Work order:
Print the complete listing so that it matches the original exactly.

Data provided:

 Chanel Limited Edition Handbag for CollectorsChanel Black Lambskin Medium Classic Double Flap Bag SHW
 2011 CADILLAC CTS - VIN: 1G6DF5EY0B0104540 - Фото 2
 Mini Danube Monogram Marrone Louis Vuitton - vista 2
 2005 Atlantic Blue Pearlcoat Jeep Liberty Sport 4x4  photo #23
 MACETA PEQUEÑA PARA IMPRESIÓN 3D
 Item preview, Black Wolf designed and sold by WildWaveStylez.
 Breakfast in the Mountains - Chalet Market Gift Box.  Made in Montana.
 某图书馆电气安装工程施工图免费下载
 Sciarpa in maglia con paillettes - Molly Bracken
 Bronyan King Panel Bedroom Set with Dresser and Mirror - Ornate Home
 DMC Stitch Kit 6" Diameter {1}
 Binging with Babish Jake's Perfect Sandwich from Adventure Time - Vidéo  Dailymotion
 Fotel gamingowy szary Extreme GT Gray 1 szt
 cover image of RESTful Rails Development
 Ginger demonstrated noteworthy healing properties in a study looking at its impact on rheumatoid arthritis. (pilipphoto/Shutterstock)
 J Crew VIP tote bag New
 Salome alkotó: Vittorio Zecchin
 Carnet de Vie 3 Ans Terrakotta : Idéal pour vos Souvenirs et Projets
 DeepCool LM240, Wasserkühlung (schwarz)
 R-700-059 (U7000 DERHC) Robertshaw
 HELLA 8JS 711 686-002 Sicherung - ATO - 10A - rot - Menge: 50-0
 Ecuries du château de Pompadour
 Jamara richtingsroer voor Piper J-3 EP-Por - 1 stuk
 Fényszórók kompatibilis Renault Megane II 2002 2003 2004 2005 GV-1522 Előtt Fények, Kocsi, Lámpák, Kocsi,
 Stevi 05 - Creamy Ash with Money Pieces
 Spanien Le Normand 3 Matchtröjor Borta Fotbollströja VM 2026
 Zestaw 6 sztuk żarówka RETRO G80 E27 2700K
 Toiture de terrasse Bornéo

Answer section:
 Chanel Limited Edition Handbag for CollectorsChanel Black Lambskin Medium Classic Double Flap Bag SHW
 2011 CADILLAC CTS - VIN: 1G6DF5EY0B0104540 - Фото 2
 Mini Danube Monogram Marrone Louis Vuitton - vista 2
 2005 Atlantic Blue Pearlcoat Jeep Liberty Sport 4x4  photo #23
 MACETA PEQUEÑA PARA IMPRESIÓN 3D
 Item preview, Black Wolf designed and sold by WildWaveStylez.
 Breakfast in the Mountains - Chalet Market Gift Box.  Made in Montana.
 某图书馆电气安装工程施工图免费下载
 Sciarpa in maglia con paillettes - Molly Bracken
 Bronyan King Panel Bedroom Set with Dresser and Mirror - Ornate Home
 DMC Stitch Kit 6" Diameter {1}
 Binging with Babish Jake's Perfect Sandwich from Adventure Time - Vidéo  Dailymotion
 Fotel gamingowy szary Extreme GT Gray 1 szt
 cover image of RESTful Rails Development
 Ginger demonstrated noteworthy healing properties in a study looking at its impact on rheumatoid arthritis. (pilipphoto/Shutterstock)
 J Crew VIP tote bag New
 Salome alkotó: Vittorio Zecchin
 Carnet de Vie 3 Ans Terrakotta : Idéal pour vos Souvenirs et Projets
 DeepCool LM240, Wasserkühlung (schwarz)
 R-700-059 (U7000 DERHC) Robertshaw
 HELLA 8JS 711 686-002 Sicherung - ATO - 10A - rot - Menge: 50-0
 Ecuries du château de Pompadour
 Jamara richtingsroer voor Piper J-3 EP-Por - 1 stuk
 Fényszórók kompatibilis Renault Megane II 2002 2003 2004 2005 GV-1522 Előtt Fények, Kocsi, Lámpák, Kocsi,
 Stevi 05 - Creamy Ash with Money Pieces
 Spanien Le Normand 3 Matchtröjor Borta Fotbollströja VM 2026
 Zestaw 6 sztuk żarówka RETRO G80 E27 2700K
 Toiture de terrasse Bornéo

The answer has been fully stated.